> Entries supplied
+++++
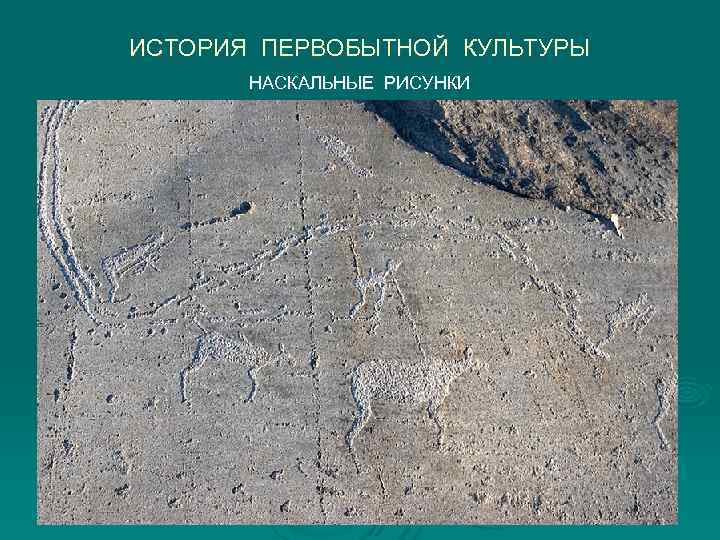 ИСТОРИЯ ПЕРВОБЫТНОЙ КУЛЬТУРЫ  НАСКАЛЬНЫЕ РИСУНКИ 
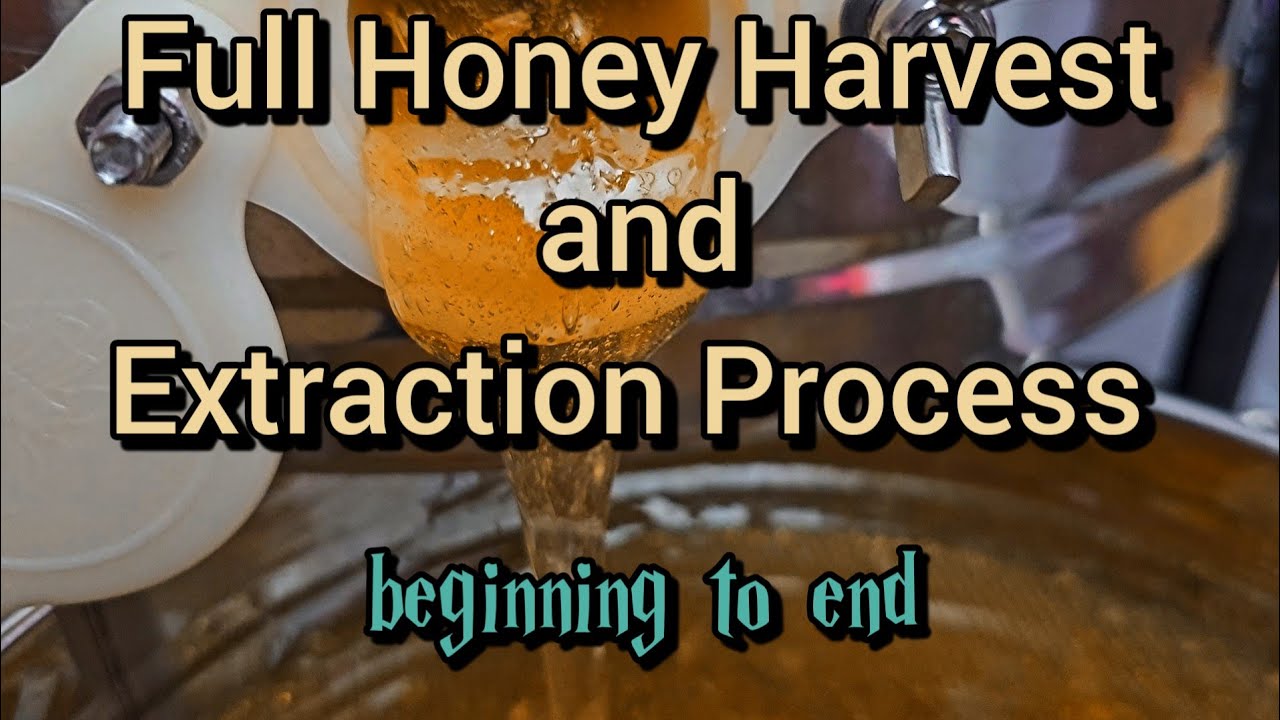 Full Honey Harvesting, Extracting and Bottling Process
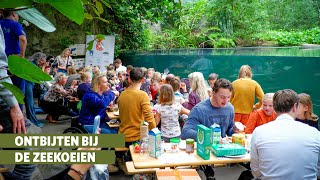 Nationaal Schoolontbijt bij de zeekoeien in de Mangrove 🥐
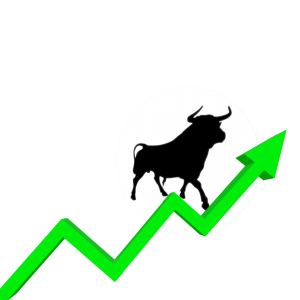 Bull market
+++++
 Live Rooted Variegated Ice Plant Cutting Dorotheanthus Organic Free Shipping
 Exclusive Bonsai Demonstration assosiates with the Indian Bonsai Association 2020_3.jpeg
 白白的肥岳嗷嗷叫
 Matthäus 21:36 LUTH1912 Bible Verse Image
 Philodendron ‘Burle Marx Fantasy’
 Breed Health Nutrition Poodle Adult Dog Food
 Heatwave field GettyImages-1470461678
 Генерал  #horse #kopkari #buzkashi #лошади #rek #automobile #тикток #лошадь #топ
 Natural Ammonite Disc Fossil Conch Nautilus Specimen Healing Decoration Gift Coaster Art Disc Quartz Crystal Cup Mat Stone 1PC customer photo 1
+++++
> Instructions for the task
Using the entries shown above, reproduce verbatim the lines from the line bearing "Live Rooted Variegated" to the line bearing "Natural Ammonite Disc", inclusive.

> Exercise result
 Live Rooted Variegated Ice Plant Cutting Dorotheanthus Organic Free Shipping
 Exclusive Bonsai Demonstration assosiates with the Indian Bonsai Association 2020_3.jpeg
 白白的肥岳嗷嗷叫
 Matthäus 21:36 LUTH1912 Bible Verse Image
 Philodendron ‘Burle Marx Fantasy’
 Breed Health Nutrition Poodle Adult Dog Food
 Heatwave field GettyImages-1470461678
 Генерал  #horse #kopkari #buzkashi #лошади #rek #automobile #тикток #лошадь #топ
 Natural Ammonite Disc Fossil Conch Nautilus Specimen Healing Decoration Gift Coaster Art Disc Quartz Crystal Cup Mat Stone 1PC customer photo 1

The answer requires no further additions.